In this project, we have performed multimodal emotion recognition on the publicly available MELD dataset, sourced from Kaggle. Along with the dataset, various encodings (text, audio, and bimodal fusion) were already generated and made available. Due to the absence of audio files, we utilized the pre-computed audio encodings. Although we attempted to generate video encodings, we were unsuccessful due to hardware limitations.
The MELD (Multimodal Emotion Lines Dataset) is a publicly available dataset. The industry benchmark for this dataset is:
- Accuracy: 68.7%
- F1 Score: 69.9
Our fusion model achieved:
- Accuracy: 54.75%
- F1 Score: 47.7
Additionally, we worked with a custom dataset, called MELD Embeddings where we generated and stored required encodings. The training set consists of 9989 examples, categorized into 7 emotion classes.
- Encodings were generated by passing each example through a BERT model in a one-shot manner.
- Each encoding was compressed into a 1D array of size 98304.
- Using a custom autoencoder, the tensor size was reduced to 1611.
- The autoencoder's encoder and decoder layers utilized:
- Deep neural networks
- ReLU activation (except the final layer)
- Dropout for regularization
- The pre-computed audio encodings from the MELD dataset were used (size: 1611 per encoding), as the raw audio files were not available.
-
The audio and text encodings were concatenated, resulting in encoding tensors of size 3222 for each example.
-
A Random Forest Classifier was applied with:
- 100 estimators
- Default hyperparameters
- Accuracy: 55.41%
- F1 Score: 46.61
-
The fused encodings were further reduced to a size of 64 using another custom autoencoder.
- Encoder and decoder layers used:
- Deep neural networks
- ReLU activation (except the final layer)

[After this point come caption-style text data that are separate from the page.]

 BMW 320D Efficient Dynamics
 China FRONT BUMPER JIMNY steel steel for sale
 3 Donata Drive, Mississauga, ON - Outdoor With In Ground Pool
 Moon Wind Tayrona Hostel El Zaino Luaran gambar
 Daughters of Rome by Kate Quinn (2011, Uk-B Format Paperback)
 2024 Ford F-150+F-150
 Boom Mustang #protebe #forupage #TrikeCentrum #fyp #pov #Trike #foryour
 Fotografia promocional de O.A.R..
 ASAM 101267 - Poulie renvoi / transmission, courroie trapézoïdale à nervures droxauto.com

- Dropout for regularization
- Encoder and decoder layers used:
-
After encoding reduction, the Random Forest Classifier achieved:
- Accuracy: 54.75%
- F1 Score: 47.7
-
Other classifiers, such as XGBoost, AdaBoost, and Gradient Boost, were also tested, but the Random Forest Classifier provided the best results.

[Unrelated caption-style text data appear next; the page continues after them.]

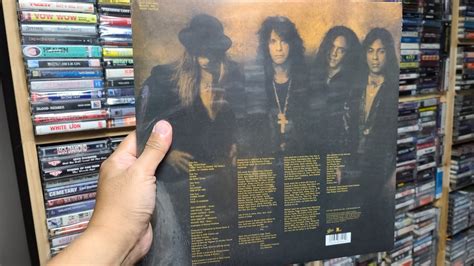 Ozzy Osbourne - No More Tears Vinyl Photo | Metal Kingdom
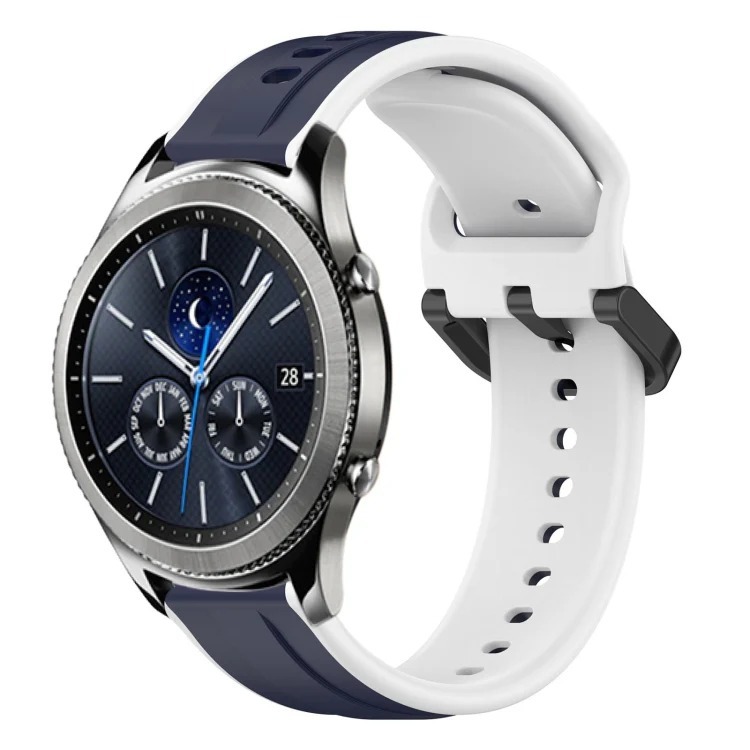 Jam Samsung Gear S3 Classic.Smartwatch barang second original premium ,Smartwatch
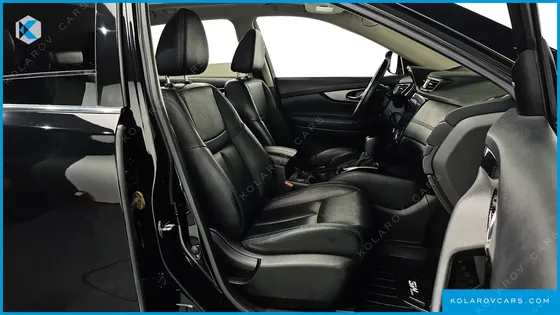 NISSAN X-TRAIL 2.5 TECH 4WD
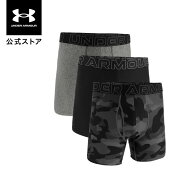 公式 アンダーアーマー UNDER ARMOUR メンズ UAパフォーマンステック ノベルティ 6インチ アンダーウェア…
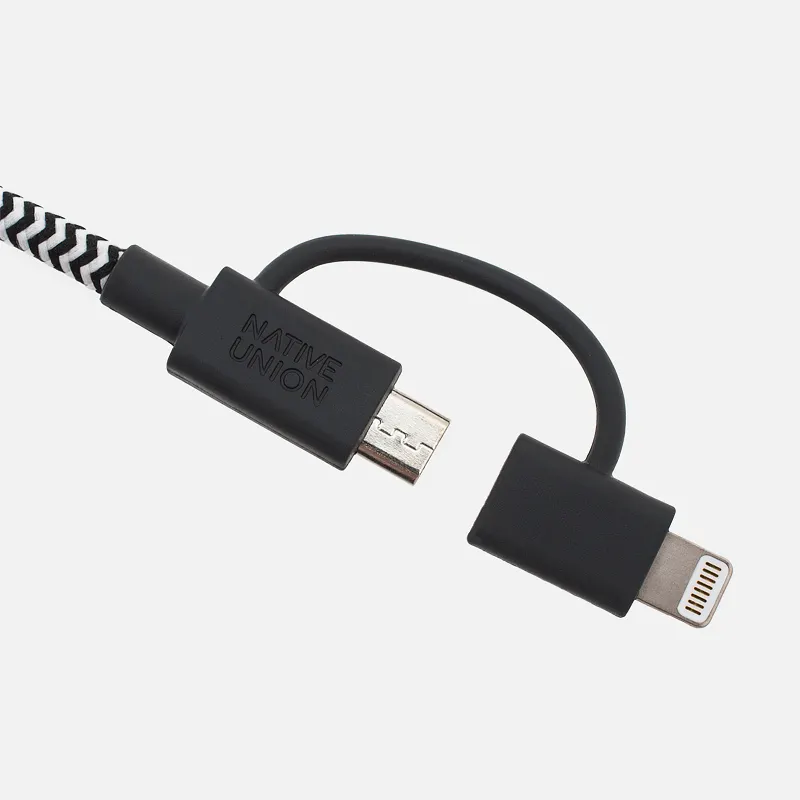 Native Union Кабель Belt Apple Lightning 2m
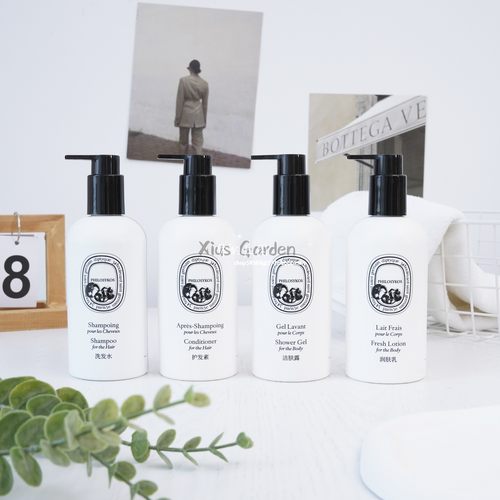 【清仓特惠】Diptyque蒂普提克 无花果洗发护发沐浴露润肤露300ml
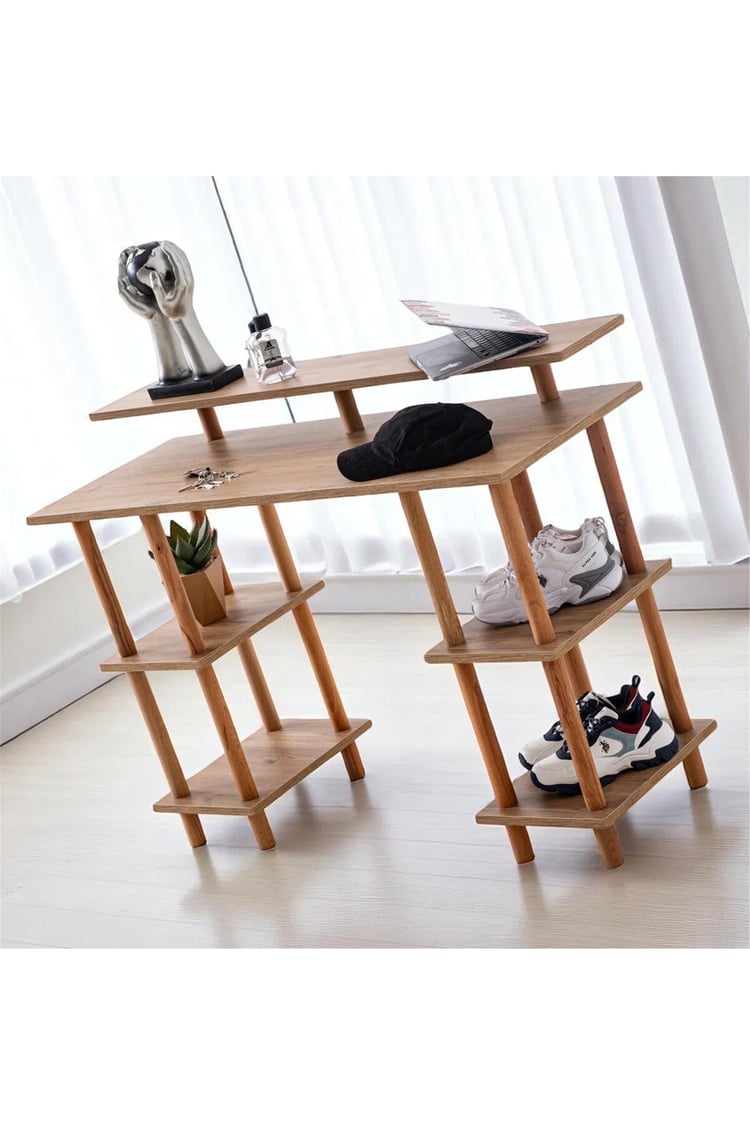 Eymense Pia Şifonyer Ceviz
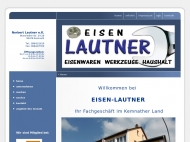 Bild Norbert Lautner Eisen und Sport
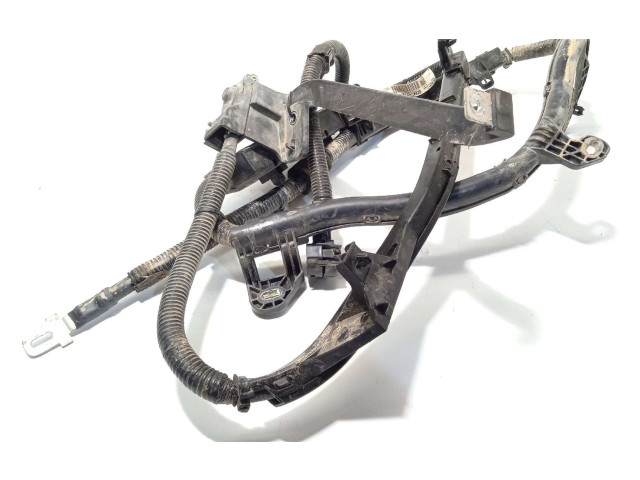 Блок управления BDMC67270B Mazda 3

Access to more hardware and the ability to generate video encodings would likely improve accuracy and F1 scores. Further exploration of models and extensive hyperparameter tuning could also enhance performance.
This project has potential future applications, such as analyzing video and audio data to determine a person's emotions or sentiments. This could help assess whether someone is lying, has malicious intentions, or other psychological cues.